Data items
'''

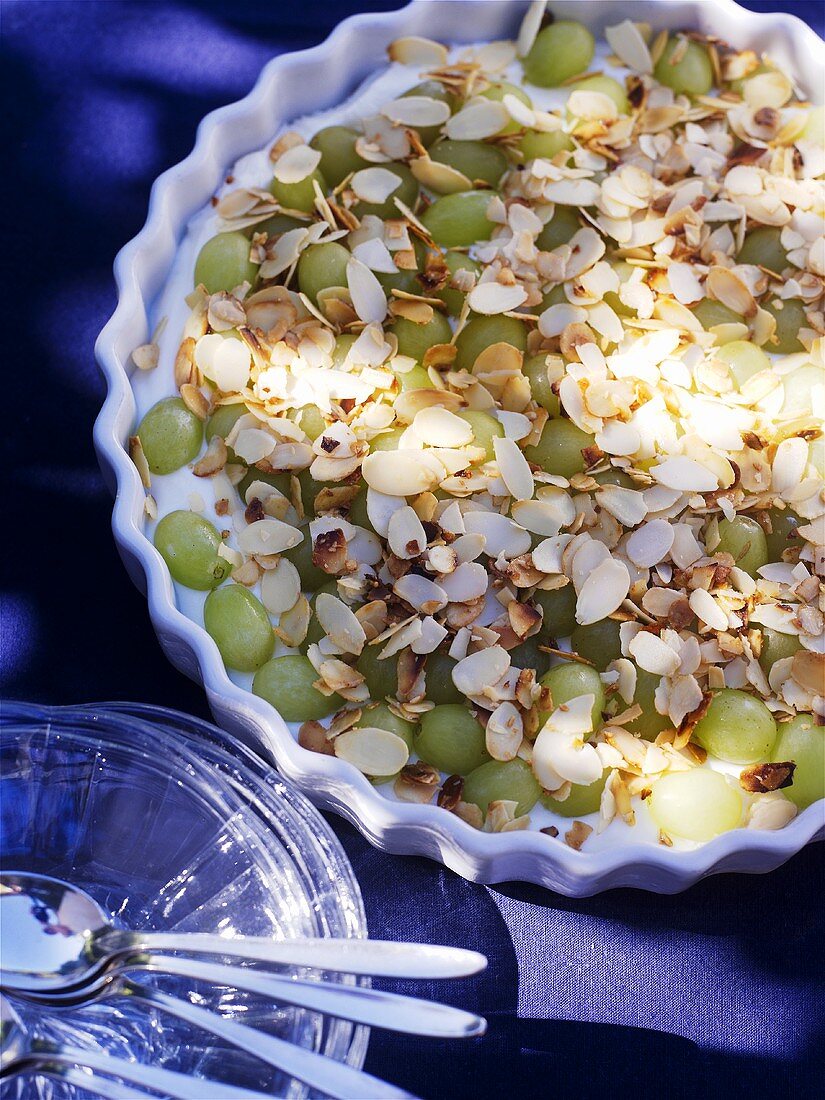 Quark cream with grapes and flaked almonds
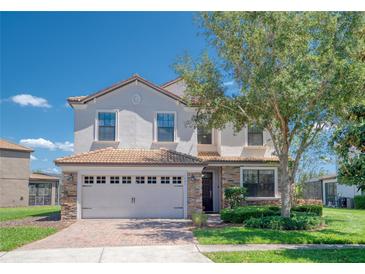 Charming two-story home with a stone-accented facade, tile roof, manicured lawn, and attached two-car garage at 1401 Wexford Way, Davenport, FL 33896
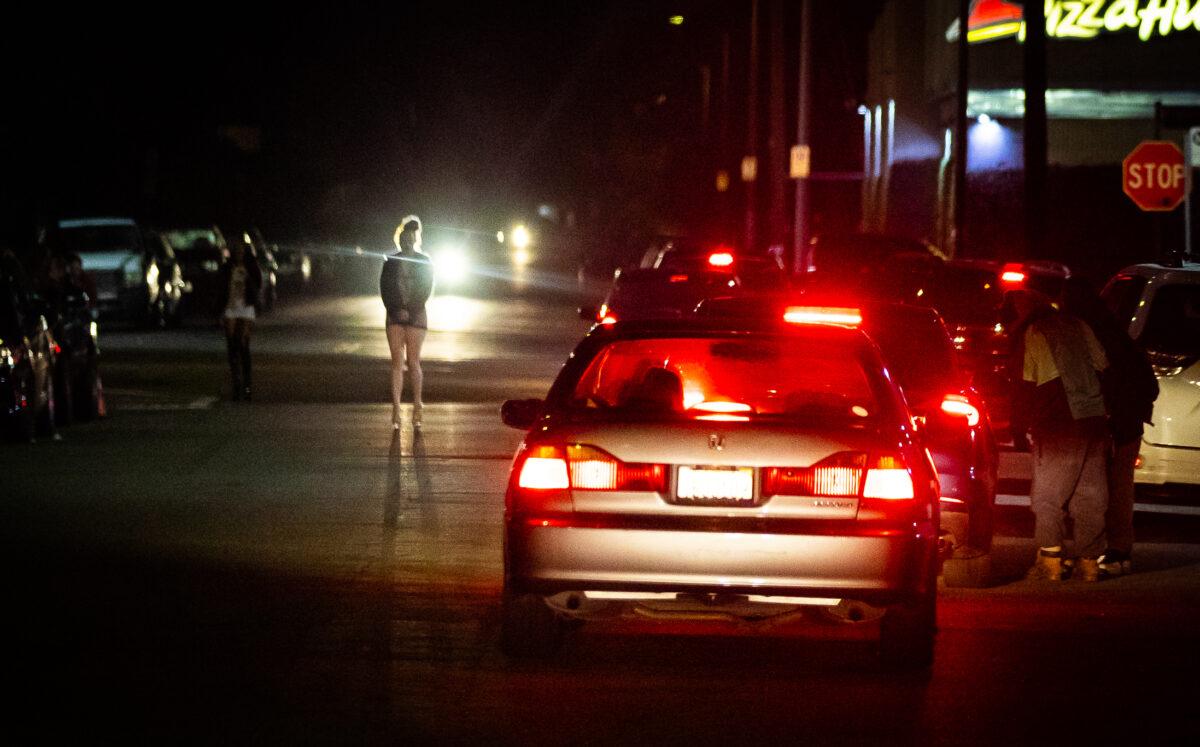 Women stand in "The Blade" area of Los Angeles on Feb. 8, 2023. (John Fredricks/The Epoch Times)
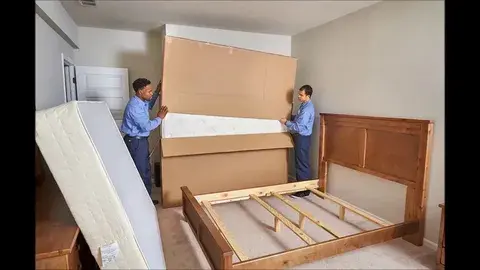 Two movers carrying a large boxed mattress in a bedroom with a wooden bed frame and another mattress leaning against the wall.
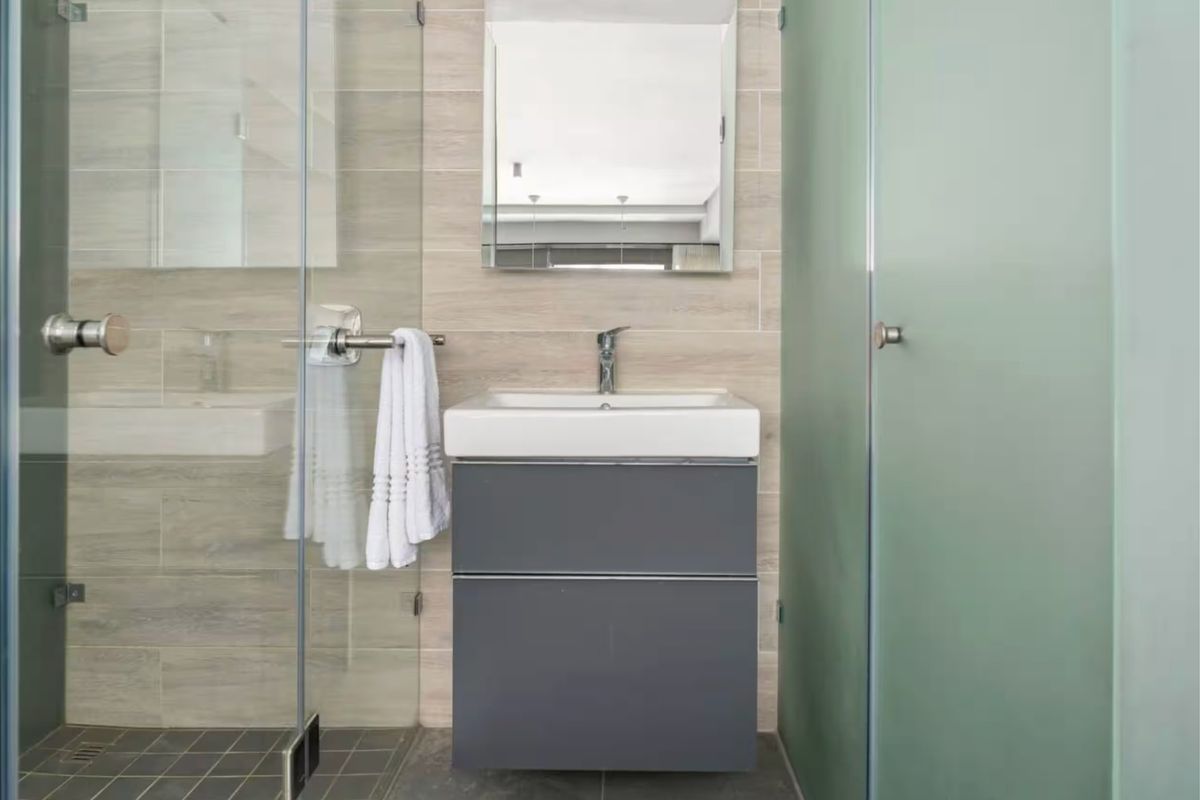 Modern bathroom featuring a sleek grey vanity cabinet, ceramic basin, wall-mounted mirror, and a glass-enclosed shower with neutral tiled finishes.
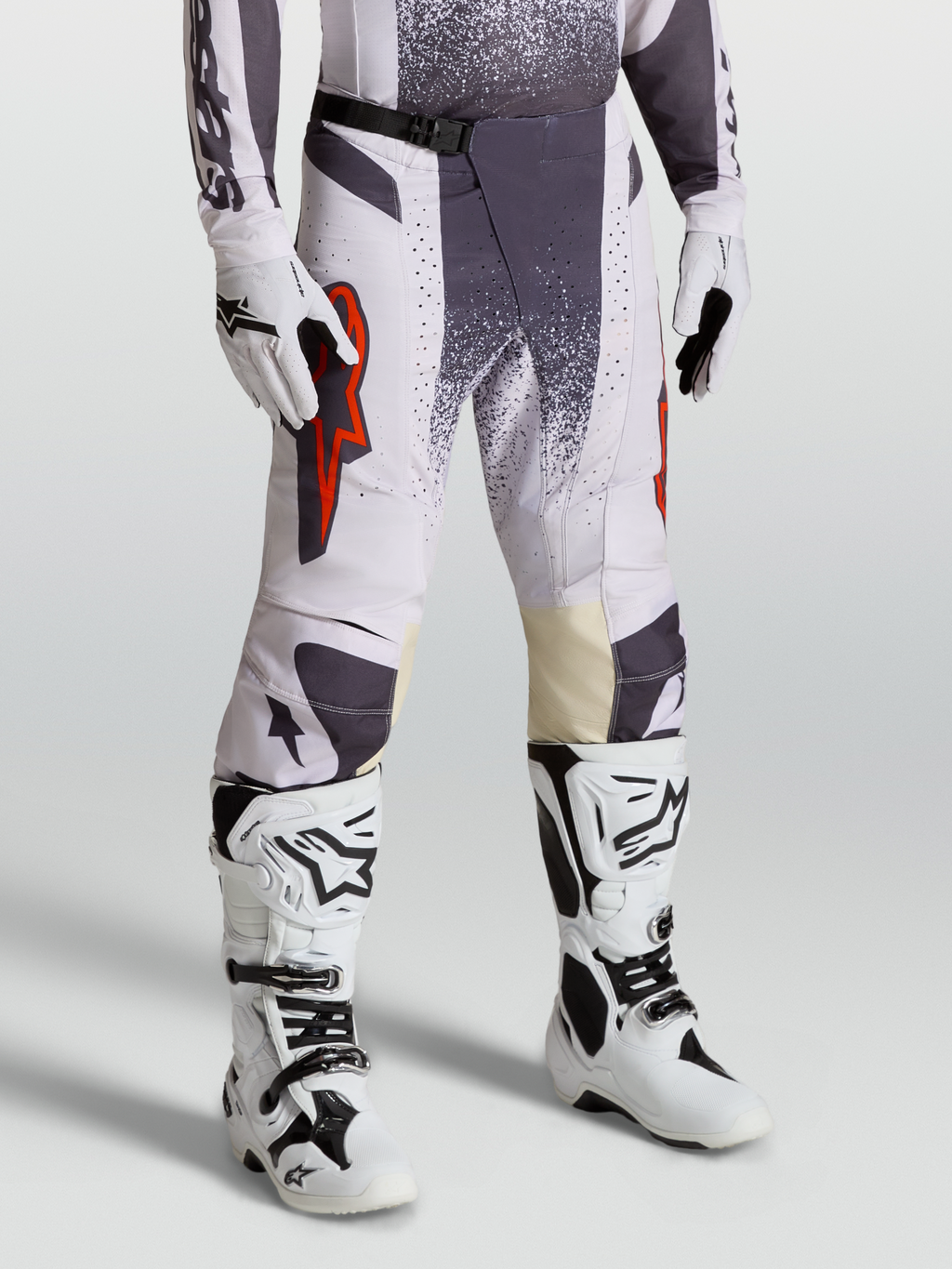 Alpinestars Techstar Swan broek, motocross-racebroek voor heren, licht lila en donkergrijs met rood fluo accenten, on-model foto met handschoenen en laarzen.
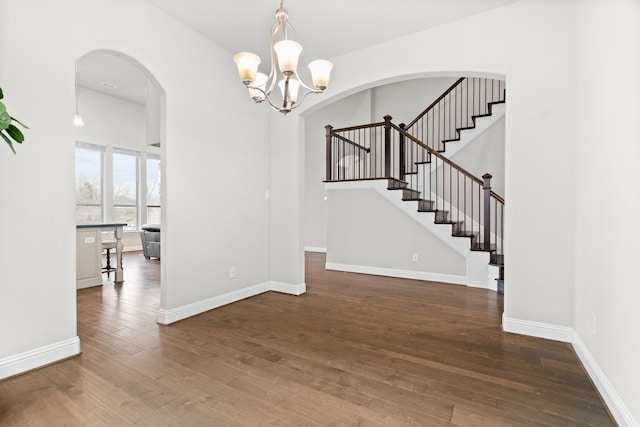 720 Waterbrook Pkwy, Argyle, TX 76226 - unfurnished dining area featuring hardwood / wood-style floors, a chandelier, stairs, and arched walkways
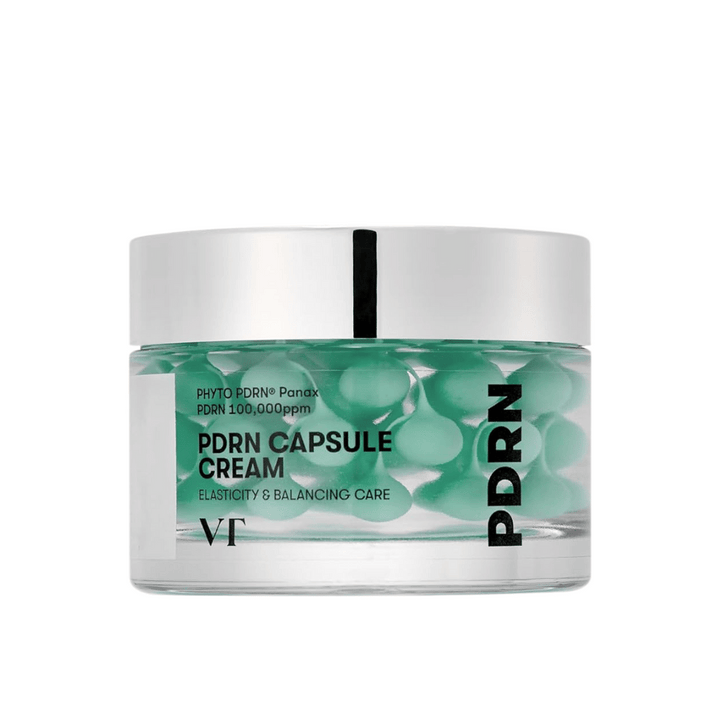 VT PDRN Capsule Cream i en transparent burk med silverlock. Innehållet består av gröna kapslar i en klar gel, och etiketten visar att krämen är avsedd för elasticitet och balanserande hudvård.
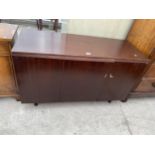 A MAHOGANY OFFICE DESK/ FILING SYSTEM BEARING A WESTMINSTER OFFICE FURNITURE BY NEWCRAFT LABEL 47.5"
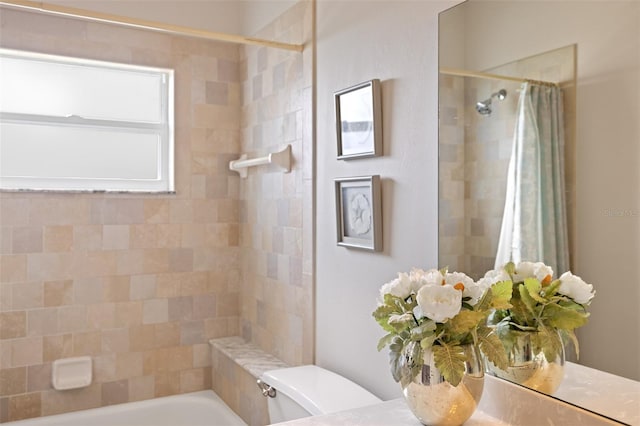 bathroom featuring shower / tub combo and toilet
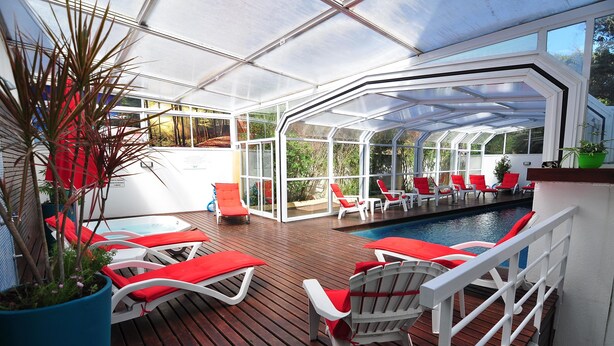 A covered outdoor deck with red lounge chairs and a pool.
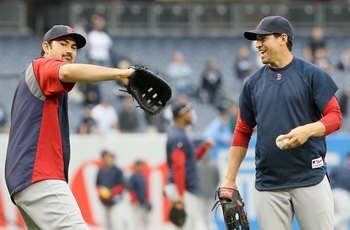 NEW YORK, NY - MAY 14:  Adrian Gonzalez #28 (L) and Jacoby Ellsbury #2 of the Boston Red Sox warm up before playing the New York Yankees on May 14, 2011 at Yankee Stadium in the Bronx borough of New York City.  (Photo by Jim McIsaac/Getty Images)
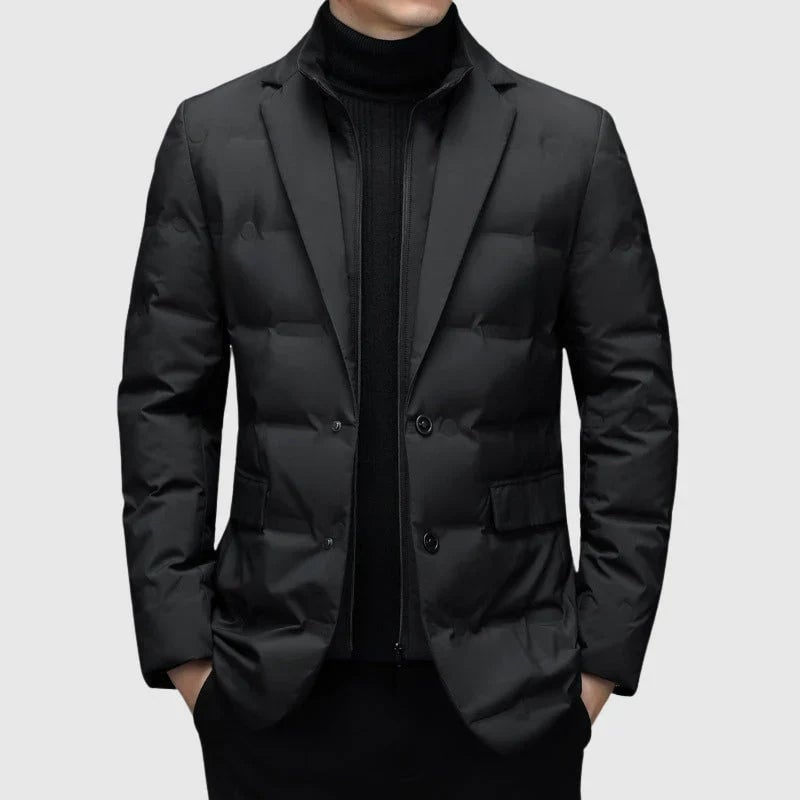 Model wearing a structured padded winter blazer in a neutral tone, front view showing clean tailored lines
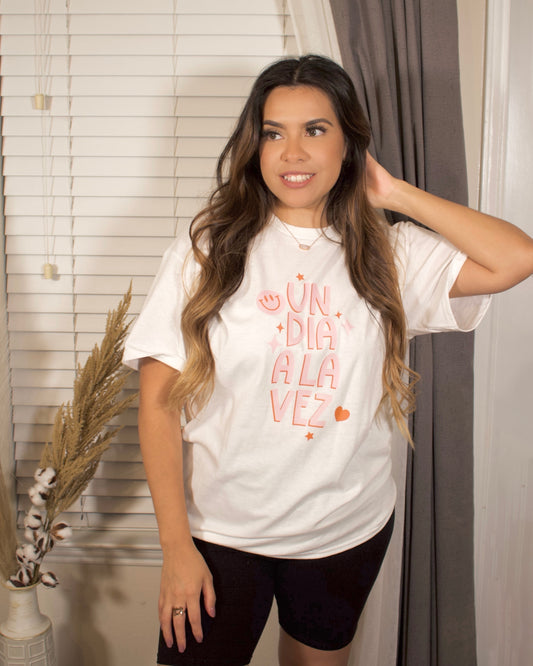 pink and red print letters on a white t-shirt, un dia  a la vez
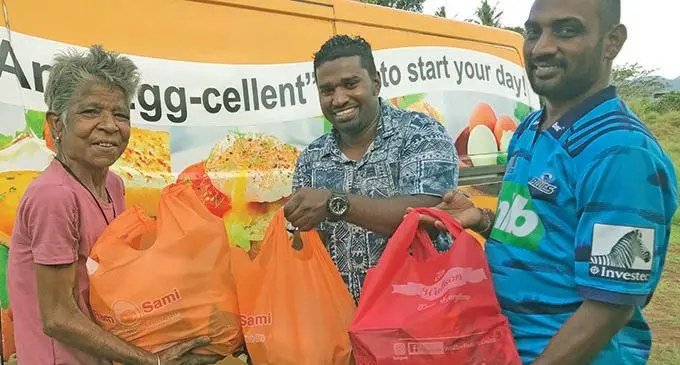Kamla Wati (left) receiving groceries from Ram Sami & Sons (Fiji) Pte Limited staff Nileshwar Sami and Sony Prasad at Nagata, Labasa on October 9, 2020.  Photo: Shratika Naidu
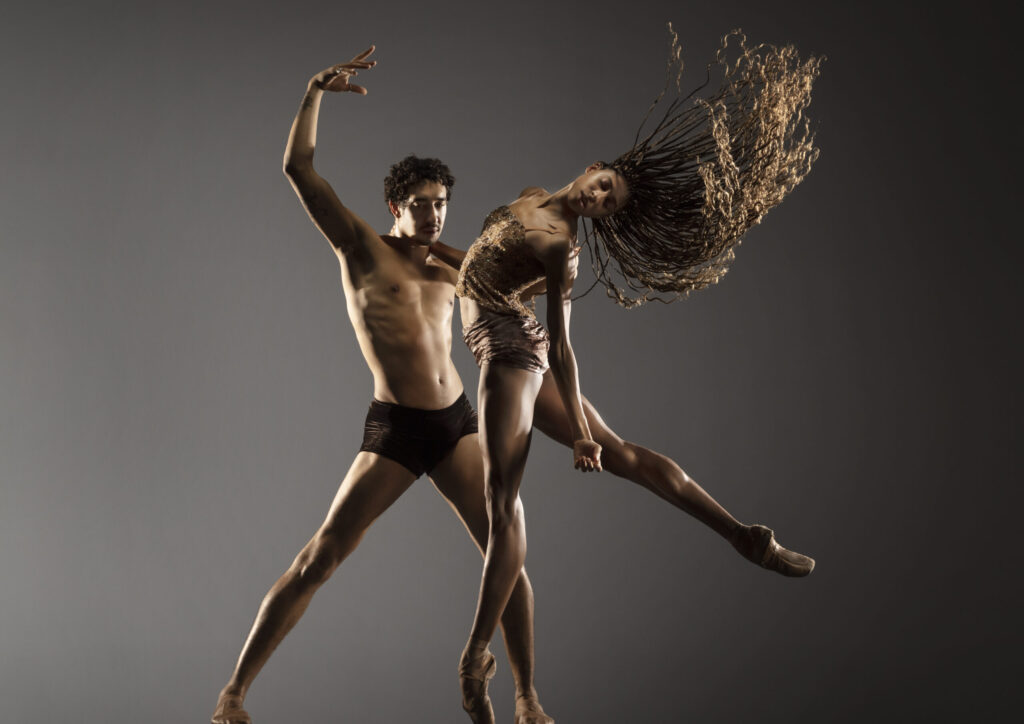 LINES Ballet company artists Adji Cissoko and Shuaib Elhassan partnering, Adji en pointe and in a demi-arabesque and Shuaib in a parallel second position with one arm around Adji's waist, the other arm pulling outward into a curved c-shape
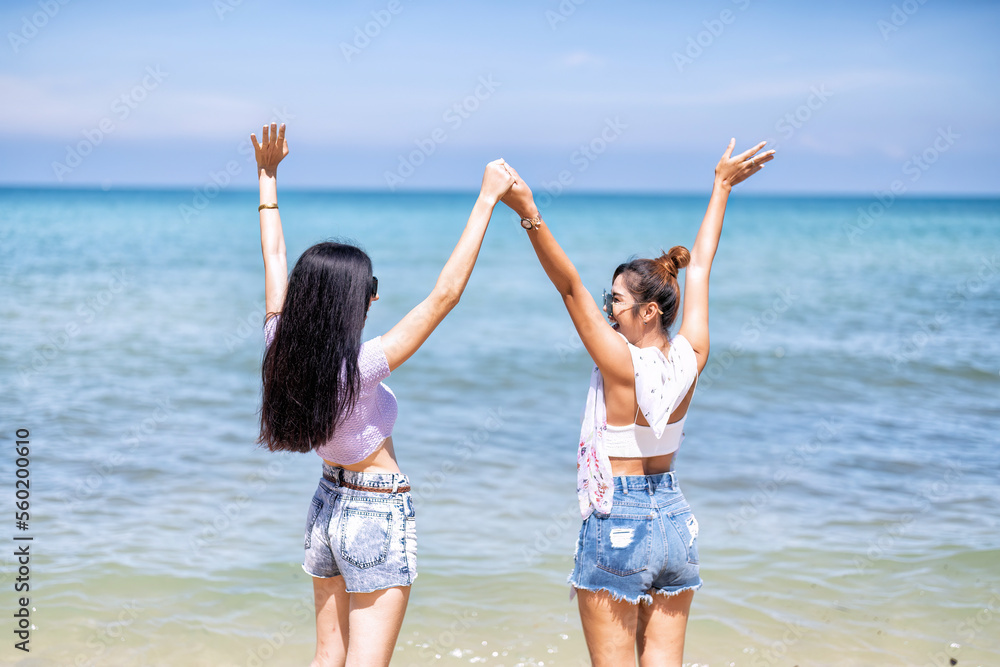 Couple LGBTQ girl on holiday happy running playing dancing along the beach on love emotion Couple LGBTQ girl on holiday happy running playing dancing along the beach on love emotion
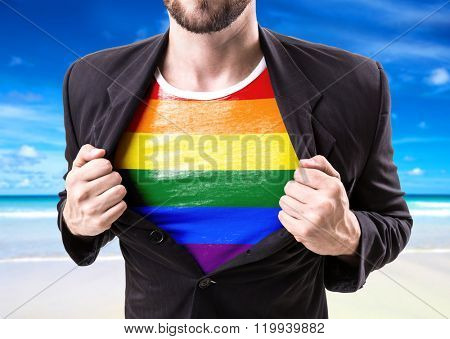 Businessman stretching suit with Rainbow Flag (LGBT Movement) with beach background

'''

__What you will do__
The data above must be written out again without alteration, and the pictures in them must be excluded.

__Answer section__
 Quark cream with grapes and flaked almonds
 Charming two-story home with a stone-accented facade, tile roof, manicured lawn, and attached two-car garage at 1401 Wexford Way, Davenport, FL 33896
 Women stand in "The Blade" area of Los Angeles on Feb. 8, 2023. (John Fredricks/The Epoch Times)
 Two movers carrying a large boxed mattress in a bedroom with a wooden bed frame and another mattress leaning against the wall.
 Modern bathroom featuring a sleek grey vanity cabinet, ceramic basin, wall-mounted mirror, and a glass-enclosed shower with neutral tiled finishes.
 Alpinestars Techstar Swan broek, motocross-racebroek voor heren, licht lila en donkergrijs met rood fluo accenten, on-model foto met handschoenen en laarzen.
 720 Waterbrook Pkwy, Argyle, TX 76226 - unfurnished dining area featuring hardwood / wood-style floors, a chandelier, stairs, and arched walkways
 VT PDRN Capsule Cream i en transparent burk med silverlock. Innehållet består av gröna kapslar i en klar gel, och etiketten visar att krämen är avsedd för elasticitet och balanserande hudvård.
 A MAHOGANY OFFICE DESK/ FILING SYSTEM BEARING A WESTMINSTER OFFICE FURNITURE BY NEWCRAFT LABEL 47.5"
 bathroom featuring shower / tub combo and toilet
 A covered outdoor deck with red lounge chairs and a pool.
 NEW YORK, NY - MAY 14:  Adrian Gonzalez #28 (L) and Jacoby Ellsbury #2 of the Boston Red Sox warm up before playing the New York Yankees on May 14, 2011 at Yankee Stadium in the Bronx borough of New York City.  (Photo by Jim McIsaac/Getty Images)
 Model wearing a structured padded winter blazer in a neutral tone, front view showing clean tailored lines
 pink and red print letters on a white t-shirt, un dia  a la vez
Kamla Wati (left) receiving groceries from Ram Sami & Sons (Fiji) Pte Limited staff Nileshwar Sami and Sony Prasad at Nagata, Labasa on October 9, 2020.  Photo: Shratika Naidu
 LINES Ballet company artists Adji Cissoko and Shuaib Elhassan partnering, Adji en pointe and in a demi-arabesque and Shuaib in a parallel second position with one arm around Adji's waist, the other arm pulling outward into a curved c-shape
 Couple LGBTQ girl on holiday happy running playing dancing along the beach on love emotion Couple LGBTQ girl on holiday happy running playing dancing along the beach on love emotion
 Businessman stretching suit with Rainbow Flag (LGBT Movement) with beach background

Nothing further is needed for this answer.